**Try it**
Beginning with the opening line of the entries, return every line through the one containing "Hotel Card Switch Modular plug in card", both included, and nothing else. Omit pictures.

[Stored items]
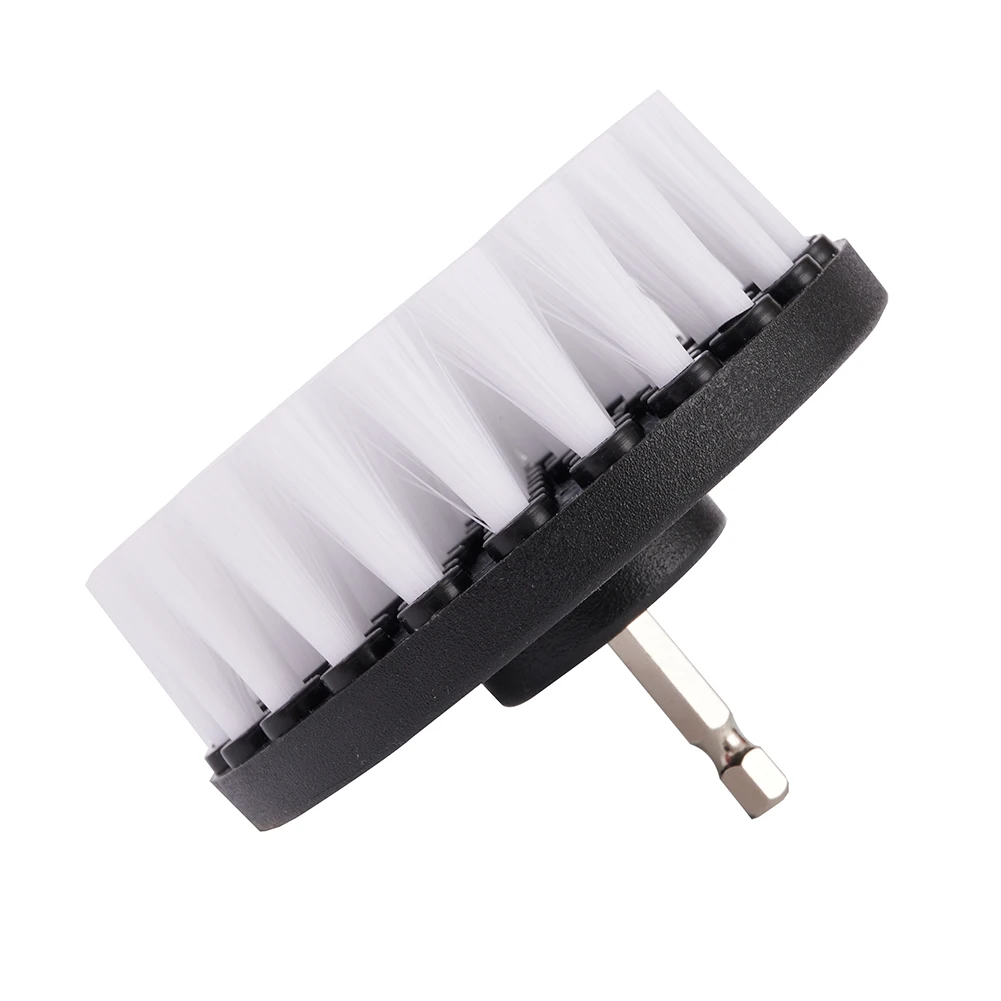 Universal Soft Drill Brush For Leather For Upholstery Parts Replacement 100mm Accessory For Carpet New Practical Durable
Universal Soft Drill Brush For Leather For Upholstery Parts Replacement 100mm Accessory For Carpet New Practical Durable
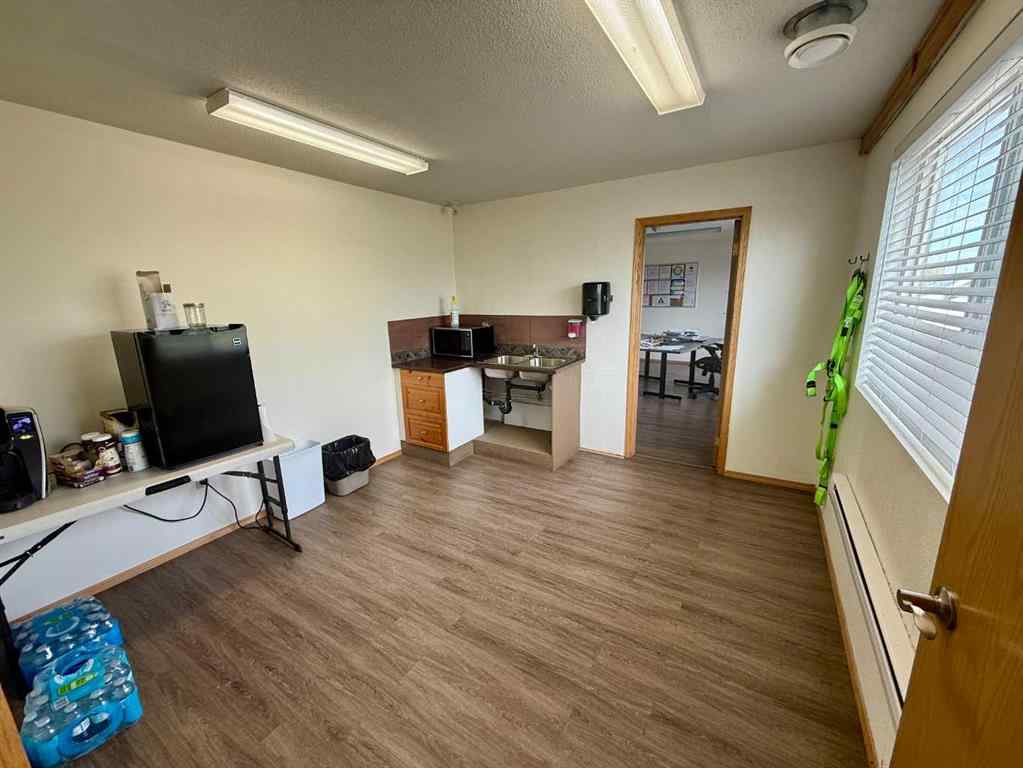 MLS® A2223959 - Unit #1 & 2 27123 Highway 597   in Blackfalds - Other Blackfalds, Commercial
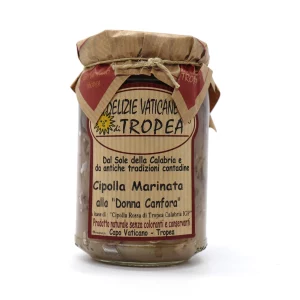 CEBOLLA MARINADA “ALCANFOR MUJER”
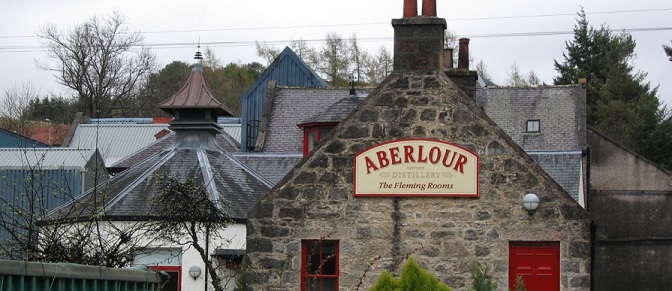 Aberlour Destillery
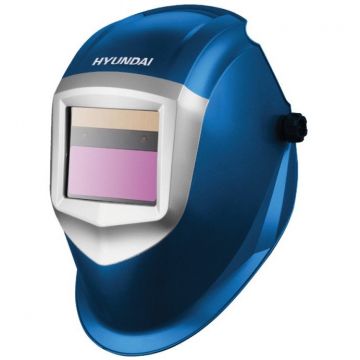 Masca Sudura Cu Cristale LCD HYWH-750N Albastru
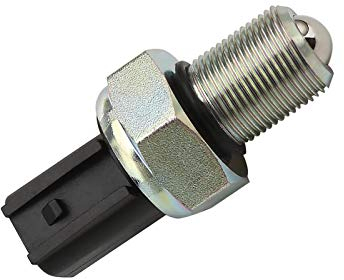 YINETTECH Interruptor de luz de marcha atrás para coche 4526441 1461586 4C1T15520AB CM5T15520CA 1805256 apto para interruptores de luz de respaldo de repuesto automático de 5 6 velocidades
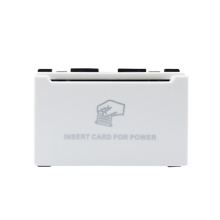Hotel Card Switch Modular plug in card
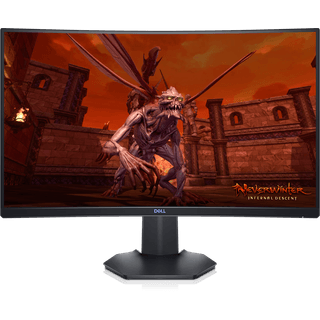 Dell 27 Curved FHD Gaming Monitor S2721HGFA-69cm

**Answer to the problem**
 Universal Soft Drill Brush For Leather For Upholstery Parts Replacement 100mm Accessory For Carpet New Practical Durable
Universal Soft Drill Brush For Leather For Upholstery Parts Replacement 100mm Accessory For Carpet New Practical Durable
 MLS® A2223959 - Unit #1 & 2 27123 Highway 597   in Blackfalds - Other Blackfalds, Commercial
 CEBOLLA MARINADA “ALCANFOR MUJER”
 Aberlour Destillery
 Masca Sudura Cu Cristale LCD HYWH-750N Albastru
 YINETTECH Interruptor de luz de marcha atrás para coche 4526441 1461586 4C1T15520AB CM5T15520CA 1805256 apto para interruptores de luz de respaldo de repuesto automático de 5 6 velocidades
Hotel Card Switch Modular plug in card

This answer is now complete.